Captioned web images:
##########
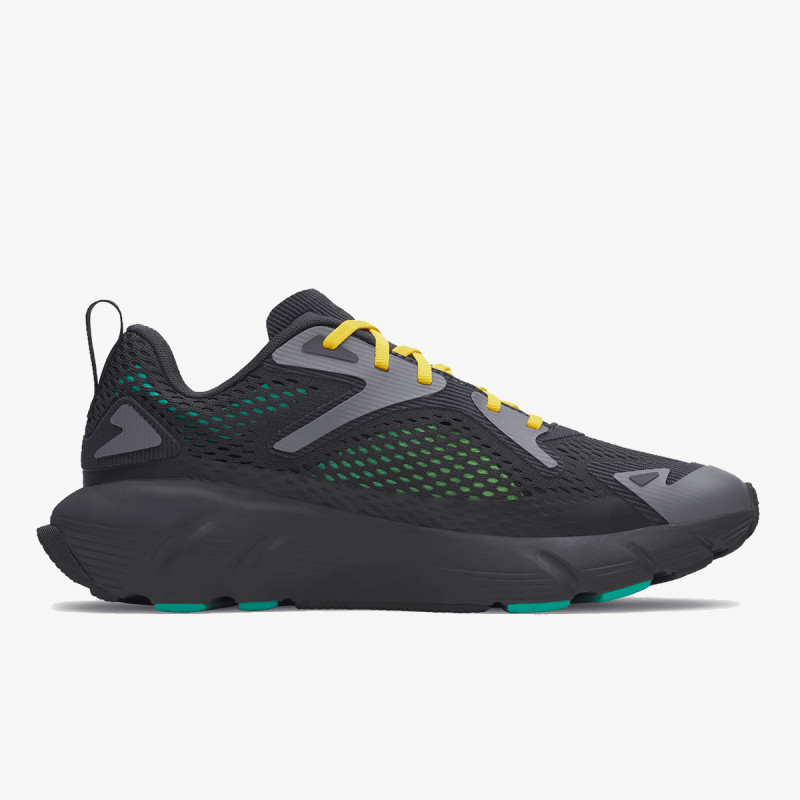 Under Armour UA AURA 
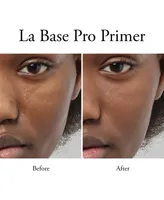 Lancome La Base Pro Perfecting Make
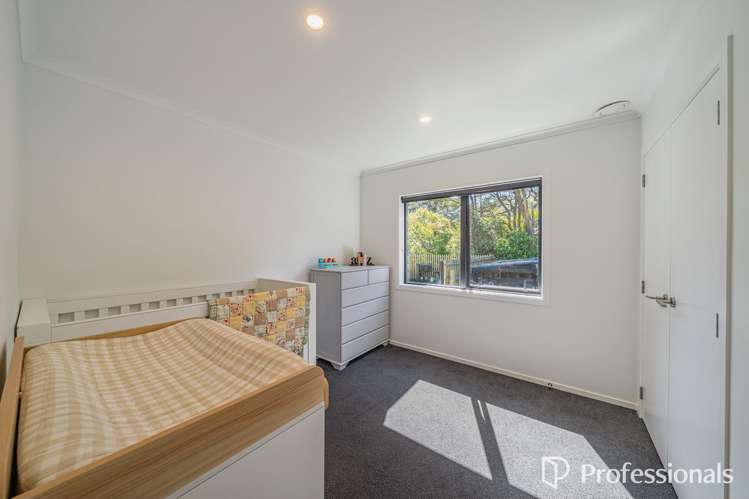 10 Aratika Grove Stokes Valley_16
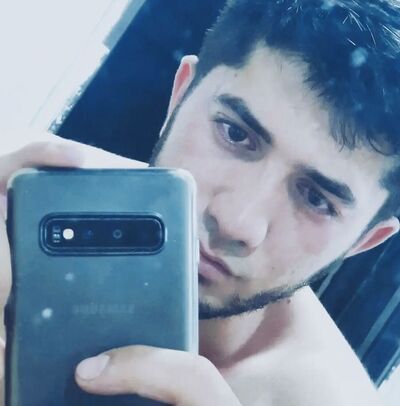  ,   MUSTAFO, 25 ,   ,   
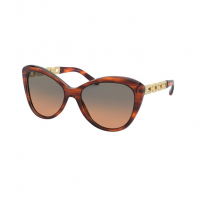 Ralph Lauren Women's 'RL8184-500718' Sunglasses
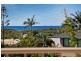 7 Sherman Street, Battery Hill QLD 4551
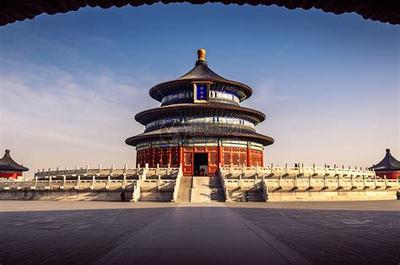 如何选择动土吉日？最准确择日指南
##########
» **Your task**
Reproduce word for word the lines from the line with "Ralph Lauren Women's" to the end of the entries above, both included, but leave the pictures out.

» **Response to the task**
 Ralph Lauren Women's 'RL8184-500718' Sunglasses
 7 Sherman Street, Battery Hill QLD 4551
 如何选择动土吉日？最准确择日指南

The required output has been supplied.